Basically, we have 5 topics to discuss:
- Know thy Physics
- Clear the geometry
- Have a good mesh
- Set proper boundary conditions
- Document everything
1. Know thy Physics
It is extremely important that you know the physical phenomena of your problem! You need to understand and visualize what flow phenomena involve in your simulation or what is happening inside your computational domain.
The first reason is for verification of your results. For example, when you simulate the flow around a circular cylinder, you need to make sure the Reynolds number range of your flow and whether flow separation and vortex shedding occur or not. If you are not sure about the flow regime of your simulation, you won’t even be able to verify whether your simulation results are physically meaningful or not. Another example is when you use laminar flow solver for turbulent flows, you may get VERY wrong results, and vice versa is true, too. One more example, if you simulate transient flows using a steady state solver, your simulation may never converge or even converged, your solution may be very different from actual phenomena.
Another reason is to properly create and refine your computational mesh.
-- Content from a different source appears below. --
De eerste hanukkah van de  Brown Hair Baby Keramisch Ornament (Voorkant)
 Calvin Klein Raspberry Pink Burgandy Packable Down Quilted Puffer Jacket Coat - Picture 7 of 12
You need to refine your mesh in regions where complex flows occur in order to capture these complex flow features. For example, several hydrodynamics and aerodynamics problems involve a wake behind the body of interest, and you need a fine mesh behind the body if you want to calculate such flows with high accuracy.
2. Clear the Geometry
Having to clean up your geometry is cumbersome and time consuming, but this is hard truth. You need to clean up your geometry for reliable, robust and accurate results. Around 60~80% of the human hours for industrial CFD simulations is spent on geometry preparation and meshing, and it is necessary.
Most of the time, the initial CAD data of your model is a mess. CAD designers do not need to care about whether their CAD model has defective edges and faces or suitable for CFD. They only need to care about the accuracy of their 3D model for visualization and drawing purposes. It is our job as a CFD engineer to generate a high quality mesh for our CFD simulations and cleaning and defeaturing the initial geometry is inevitable for this purpose.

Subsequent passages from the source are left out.